Social media is not a toy. If used properly and effectively, it can be an asset for the student-athlete’s individual brand, their community, their team, their peers, their coaches, and the school they represent. Student-athletes have the ability to provide a positive example for other students by sending positive messages about their peers in other sports or activities at school. Remember that you are always representing someone, whether it’s yourself, your family, your school or your team. So act accordingly.
Nothing is private.
Some social media users realize they are functioning in a public space and some don’t. While many kids think they can delete a tweet or hide their Facebook profile, they don’t realize that content posted on the internet can potentially last forever. Content can be captured in screenshots, saved by other users, or remain floating in cyberspace. Tweets, Facebook statuses, Snapchats, or Instagram photos could end up being viewed by thousands of people if that one friend you thought you trusted decides that something you sent is “too good not to post”.
If you share it, you own it.
Freedom of speech does not equal freedom from consequences. This is something with which younger student-athletes struggle. They retweet a sour tweet from a friend and, before they know it, they can be caught in the middle of something gruesome. For example: the case of Ryan Spadola, now a wide receiver for the Detroit Lions.
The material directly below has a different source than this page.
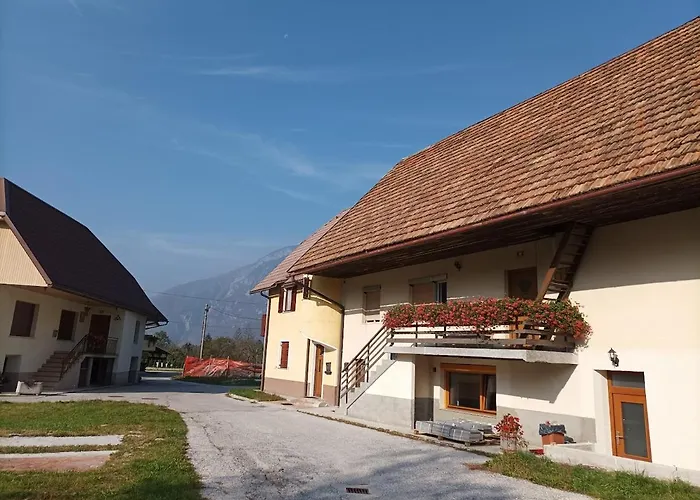 Semesterbostad Over The River *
In 2011, Spadola was a top wide receiver at Lehigh University. Before an NCAA quarterfinal game, he retweeted “an inappropriate and repugnant racial reference.” Even though the tweet wasn’t Spadola’s, he was still suspended. Thinking twice about RTing that one thing you thought was funny? Good.
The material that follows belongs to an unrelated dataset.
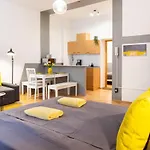 Homaris - Apartment Leyke Schillerkiez Neukoelln Airfield Tempelhof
Every tweet says something about you.
If your goal is to play in college then (whether you like it or not) you are going to have to think about yourself as a public “brand,” and your social media should reflect who you are as that brand. Decide what characteristics of your sport, your team, and your skills you will highlight. Decide what will always be off limits. Periodically go through your social media with an objective eye asking yourself “what would someone who doesn’t know me think of me if they read/saw that?” If you don’t like the answer, delete. Coaches, college admissions officers, and employers all use social media to learn more about candidates. So you need to assess what your social media portfolio says about you.
Keep it positive & express gratitude.
Social media lets student-athletes show who they are, what they do off the field, how they interact with teammates, whether they lead, and how they deal with wins and losses. College coaches can get a much better picture of a student-athlete and whether that person will fit into their program’s culture by looking at their social media outlets. Coaches look for born leaders who enrich the lives of those around them, so it is important for student-athletes to provide a positive example for other students by sending encouraging messages about their peers in other sports or activities at school. Colleges also look at whether the student-athlete is showing interest in their program on social media through retweets, posts, positive comments, and likes.
Surround yourself with positive outlets. Countless lacrosse players and organizations do social media right. Find them and follow them! Seek healthy messaging to fill your news feed. When you surround yourself with positivity, you become more positive in return. Use social media to remind yourself of the other things that are important to you as well.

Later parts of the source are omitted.